With co-producer Byron Gallimore and a seasoned group of Nashville musicians in tow, Martina headed down to Atlanta’s Southern Tracks studio in January of 2011 to begin work on Eleven. The start of the sessions coincided with an ice storm that shut the city down. “There was nothing to do there but make music,” she laughs. “We couldn’t go shopping, we couldn’t go out to eat. Every day we’d slide across the parking lot from the hotel and work in the studio making music all day.” The singer made sure to break the studio time up with trips back to Nashville to see her daughters, but being away from home for several days at a clip let her totally focus on the recording. Perhaps the most significant aspect of Eleven is the fact that Martin herself co-wrote six of the 11 tracks on the album, something she’s especially proud of. In the past, she admits she wasn’t always secure about her songwriting, but this album has brought her newfound confidence. “I love songwriters, and I’m not an artist who thinks I have to write everything I record. But people were encouraging me to write and songwriters seemed to want to write with me, so I just decided to really focus and see what came of it. And because of that, this record shows a lot of different sides of my personality. I think it peels back a layer and let's people see more of my personality, especially the playful and fun side.”

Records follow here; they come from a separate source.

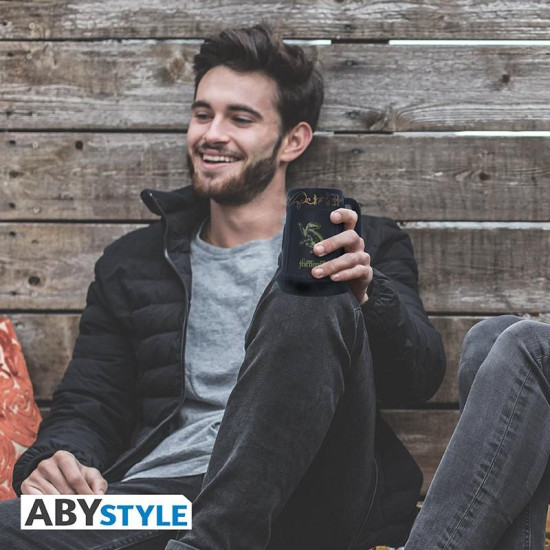 ABYSTYLE HARRY POTTER Mug 3D Four Houses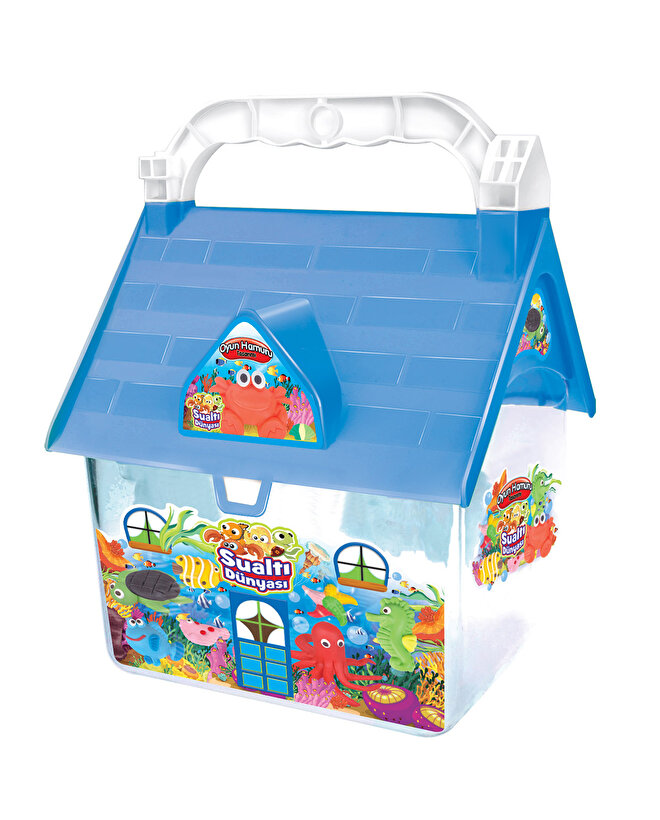 Su Altı Dünyası Oyun Hamuru Tasarım Seti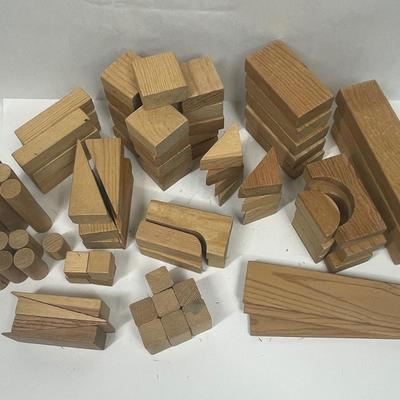 Wood Block Set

Martina’s co-producer Byron Gallimore can’t say enough about the singer’s craft. “This was our first time in the studio together, and she was amazing. She has perfect pitch, delivers 1000%, and she brought her songwriting in on a level that she’s never done before. People are going to look at this album and go, ‘Wow, she wrote that one? And that one? And THAT one??!”
“Teenage Daughters,” Martina’s debut single for Republic Nashville, was released the week after Country Radio Seminar, and fans immediately recognized Martina’s personal stamp in the lyrics. The viewpoint clearly echoes the highs and lows of being a mom with unpredictable teenage daughters and struck a deep chord with fans of all ages. Her follow-up single, "I’m Gonna Love You Through It,” wasn’t penned by the singer but touched Martina personally the very first time she heard it.
“It’s such a powerful song. The first time I listened to ‘I’m Gonna Love You Through It,’ I was moved by what it says,” Martina explains. “I thought immediately, ‘This song is going to help someone.’ I had the same reaction to it that I did the when I heard ‘Independence Day’ for the first time. Even though I haven’t gone through anything like this with someone close to me, I still feel like people listening to this song will find some hope or the words to say what they’re feeling. When I played this song for my husband John, his first reaction was, “That’s what I would want to say to you.’” The song’s video showcases cancer survivors and their supporters as they courageously live their lives. Among those appearing in the video are singer Sheryl Crow, “Good Morning America” anchor Robin Roberts, “Today” show anchor Hoda Kotb, and well-known television journalist Katie Couric.
As for the superstar herself, she’s frankly exhilarated by the chance to experience what she calls first-time opportunities the second time around. In a career that’s already taken her to breathtaking heights (four CMA Female Vocalist of the Year trophies, three ACM Female Vocalist awards, a GRAMMY win, numerous national magazine covers and features, and appearances on such shows as VH1’s “Divas,” “TODAY Show,” “20/20,” “American Idol” and “Dancing with the Stars”), Martina is ready to take it up a notch with the help of her new label.
On her bucket list: being invited to sing the National Anthem on the Super Bowl and landing a song in a movie so she can perform on the Academy Awards’ annual Oscars telecast. But more than anything, she just wants to continue doing what she’s doing. “"My biggest desire is to keep making records and keep touring,” Martina says with heartfelt passion. “I hope I get to do this for as long as I can, because I love it so much.”